Apple Park: Cupertino's 'Spaceship' Campus Begins Opening in April
Cupertino’s new “spaceship” campus now has an official name, Apple Park. The facility opens its doors to employees in April, the company announced on Wednesday, Feb. 22.
Steve Jobs Theater
Envisioned by Steve Jobs and designed in collaboration with Foster + Partners, the new 175-acre campus features a 2.8 million-square-foot main building that’s ring-shaped and clad in the world’s largest panels of curved glass. It will eventually host 12,000 Apple employees, who will move in over the next six months.

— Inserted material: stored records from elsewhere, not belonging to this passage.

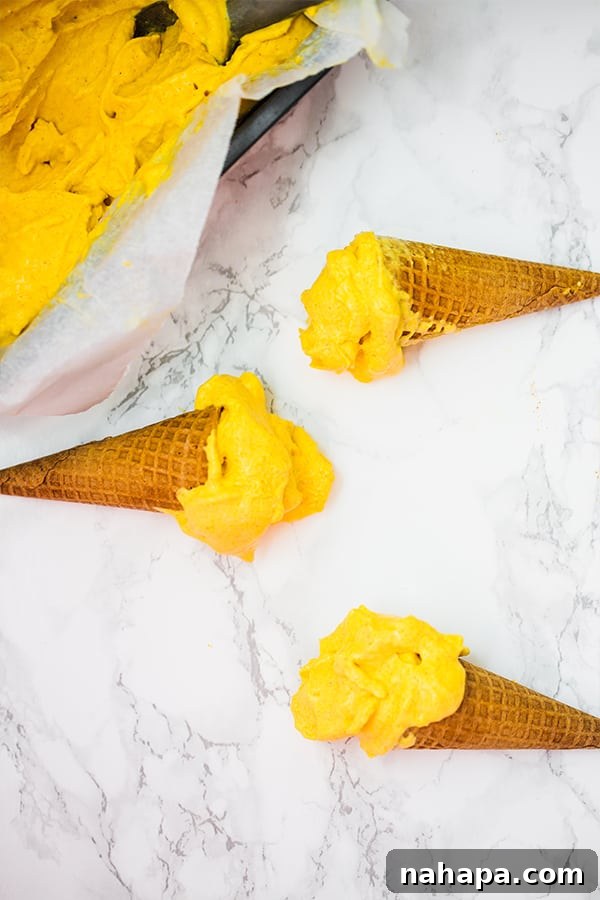 Three mango turmeric ice cream cones resting on a kitchen counter.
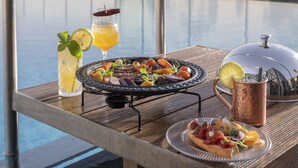 A dining table with a variety of dishes, drinks, and a view of a body of water. - Orient by Isrotel exclusive (Jerusalem)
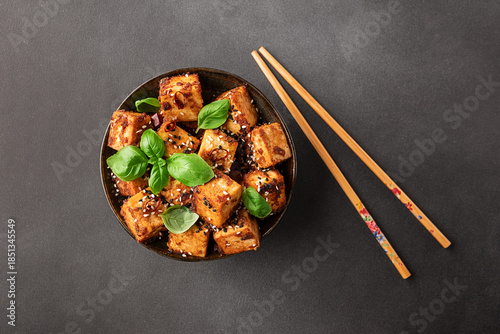 Fried tofu with sesame seeds, soy sauce, spices decorated with fresh basil leaves on black stone background top view. Healthy Asian food concept. Vegan food.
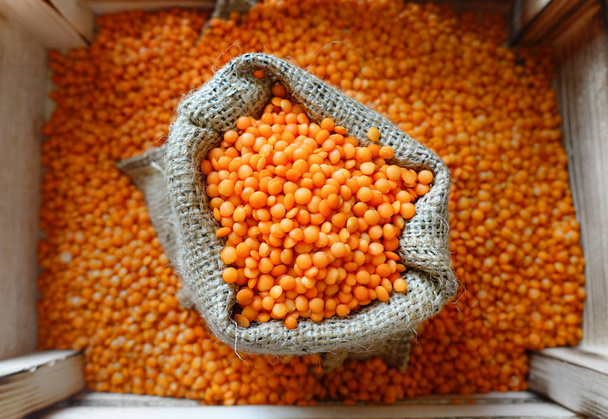 Red lentils in sack, closeup. - Photo, Image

In honor of the late Apple co-founder, the facility’s new theater will be named the Steve Jobs Theater. Jobs, who would have turned 62 on Feb. 24, died in 2011. When it opens later this year, the 1,000-seat theater will include a 20-foot-tall glass cylinder at its entrance, 165 feet in diameter, which supports a metallic carbon-fiber roof.
According to Apple CEO Tim Cook:
Steve’s vision for Apple stretched far beyond his time with us. He intended Apple Park to be the home of innovation for generations to come.
Laurene Powell Jobs notes:
Steve was exhilarated, and inspired, by the California landscape, by its light and its expansiveness. It was his favorite setting for thought. Apple Park captures his spirit uncannily well. He would have flourished, as the people of Apple surely will, on this luminously designed campus.
Once called Apple Campus 2, Apple Park is powered by 100 percent renewable energy. With 17 megawatts of rooftop solar, Apple Park will run one of the largest on-site solar energy installations in the world.
Apple Park also features a visitors center with an Apple Store and cafe open to the public and a 100,000-square-foot fitness center for employees. The facility will offer two miles of walking and running paths for employees, plus an orchard, meadow, and pond.